Original article was published on Artificial Intelligence on Medium

# Evaluation Metrics

We will be explaining the difference between the evaluation metrics we listed out above. But first, in order to understand these metrics, you will need to know what ** False Positives and False Negatives** are and the difference between the two. Please see the article below for an explanation of the differences between the two:

In order to calculate the different evaluation metrics, you will need to know the amount of *False Positives (FP), False Negatives (FN), True Positives (TP), and True Negatives (TN)*. It would also be helpful to know the difference between them.

## Accuracy

Let’s start with simplest of the four evaluation metrics — Accuracy. Accuracy is simply the measure of how many observations our model correctly predicted over the total number of observations:

Accuracy = (TP + TN) / (TP + TN + FP + FN)

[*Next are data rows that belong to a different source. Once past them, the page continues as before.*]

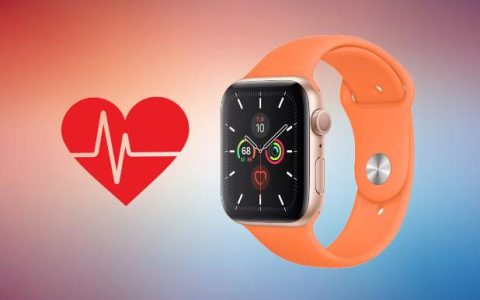 Apple Watch如何测量心率及其准确性的解释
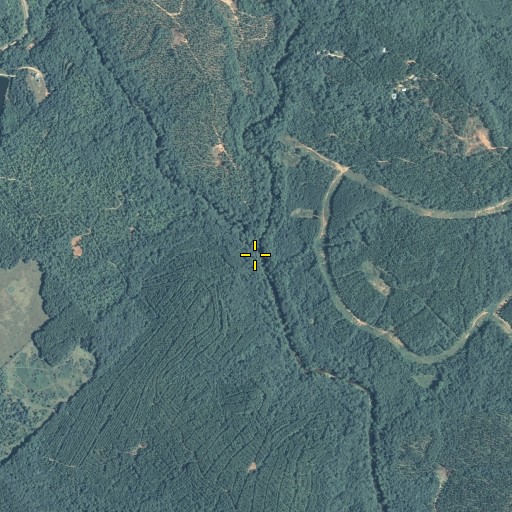Aerial/Satellite Image of Jacks Creek, GA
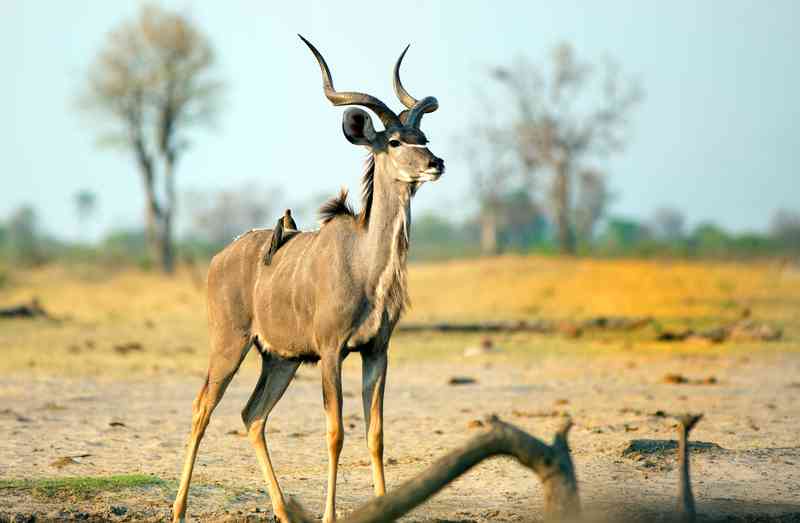 Kudu Hwange national park (2)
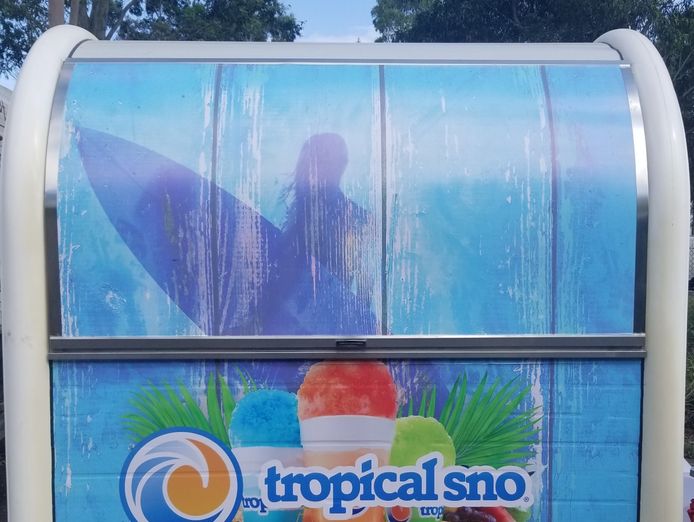 business-for-sale-tropical-sno-mobile-food-van-2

For example, let’s say we have a machine that classifies if a fruit is an apple or not. In a sample of hundreds of apples and oranges, the accuracy of the machine will be how many apples it classified correctly as *apples* and how many oranges it classified as *not apples* divided by the total number of apples and oranges. It is a simple and effective measurement as long as the number of apples and oranges are the same. Otherwise, we may have to use a different evaluation metric.

## Precision

Precision is the measure of how many observations our model correctly predicted over the amount of correct and incorrect predictions.

Precision = TP / (TP + FP)

Using our apple and oranges example, precision would measure the number of correctly classified apples divided by the apples *correctly* labeled as apples *and* the oranges *incorrectly* labeled as apples. In other words, precision measures how many of our classified apples were actually oranges.

## Recall

Recall is the measure of how many observations our model correctly predicted over the total amount of observations.

Recall = TP / (TP + FN)

In our apples and oranges example, recall measures the amount apples labeled correctly divided by the *total amount* of apples present. In other words, recall measures how many apples we might have missed in the entire sample of fruit.

## F1 Score

If we put our focus into one score, we might end up neglecting the other. In order to combat this we can use the F1 Score, which strikes a balance between the Precision and Recall scores. To calculate the F1 Score, you need to know the Precision and Recall scores and input them into the following formula:

F1 Score = 2 * ( (Precision * Recall) / (Precision + Recall) )

Using our apples and oranges example, F1 score will calculate a balance between Precision and Recall. It will measure the amount of misclassified oranges as apples (*False Positives*) and the amount of apples not correctly classified as apples (*False Negatives*).